Pentagon Upholds Marine General’s Contempt Conviction In USS Cole Legal Dispute
The senior Pentagon official in charge of the war court has upheld a judge’s contempt conviction of the Marine general...

The senior Pentagon official in charge of the war court has upheld a judge’s contempt conviction of the Marine general overseeing defense teams, according to a statement issued Tuesday that suggested three civilian defense attorneys are still bound to litigate in the USS Cole case at Guantanamo.
The official, Harvey Rishikof, however, decided that Marine Brig. Gen. John Baker need not serve the remainder of a 21-day sentence of confinement or pay a $1,000 fine. USS Cole case judge Air Force Col. Vance Spath sentenced Baker to both on Nov. 2 for invoking a privilege and refusing to answer the judge’s questions at the war court.
Instead, Rishikof, whose title is convening authority of military commissions, will forward the conviction to Baker’s chain of command as an administrative and ethics matter.
In the short term that could keep the issue out of federal court. When Baker was confined to his trailer park quarters behind the courthouse, U.S. District Court Judge Royce Lamberth considered a habeas corpus petition brought by civilian lawyers for Baker, who called the general’s detention unlawful. Before Lamberth could rule, Rishikof suspended the general’s punishment after about 48 hours.
Rishikof, whose title is the Convening Authority for Military Commissions, appears to recognize an ongoing, clandestine crisis in confidence in the ability of defense attorneys to hold confidential conversations with accused terrorists at the prison complex — the reason why USS Cole criminal defense attorney Rick Kammen, an experienced death penalty lawyer, and colleagues Rosa Eliades and Mary Spears asked Baker to permit them to resign in the first place. All three were paid by the Pentagon.
The statement issued by the Pentagon on Tuesday said Rishikof “will also recommend to the Joint Detention Group at Guantanamo Bay that a ‘clean’ facility be designated or constructed which would provide continued assurances and confidence that attorney-client meeting spaces are not subject to monitoring, as the commission proceeds.”
In the past, lawyers have discovered listening devices in meeting rooms disguised as smoke detectors; a prosecutor said soldiers mistakenly overheard legal meetings, and then something classified happened over the summer to cause Baker to caution defense teams that no meeting site at the base guarantees fundamental attorney-client confidentiality.
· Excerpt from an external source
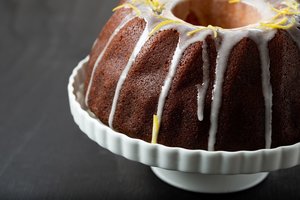 Purus ir drėgnas citrininis keksas, kuriuo per šventes mėgaujasi italai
The statement said Rishikof would be asking the commander of the guard force at Guantanamo’s prison of 41 captives to create a space for attorney-client meetings. In specifically seeking that be done by the Joint Detention Group commander, Army Col. Steve Gabavics, the Pentagon statement signaled that Rishikof was bypassing the senior commander of the prison, Rear Adm. Edward Cashman.
Gabavics answers directly to the prison commander, independent of the prison’s intelligence, legal and combat camera units, which answer to Cashman via a chief of staff of equal rank to Gabavics.
Four entities get to decide Baker’s fate, according to the statement: The top-ranking lawyer in the Marine Corps, a two-star general who serves as the staff attorney to the Commandant of the Marine Corps; someone at the Pentagon’s General Counsel office; the Department of Defense’s “Standards of Conduct Office,” and someone in the Department of the Navy.
According to the Pentagon statement, Rishikof said that Spath did have the authority to overrule Baker’s release of the attorneys, and referred to their “attempted resignation,” suggesting that as far as the top Pentagon official is concerned, Kammen, Eliades and Spears are still attorneys of record on the case.
Kammen said by email Wednesday morning that “our position is that General Baker excused us. So our resignations were approved by the only official with a vote. The convening authority has no legitimate role in this decision.”
He added that, under the rules for the war court, the role of the convening authority is not that of “a super judge until there is a conviction. He does not have a legitimate role in the conflict between Colonel Spath and General Baker over excusal authority. Indeed his attempt to insert himself into it may be unlawful influence.”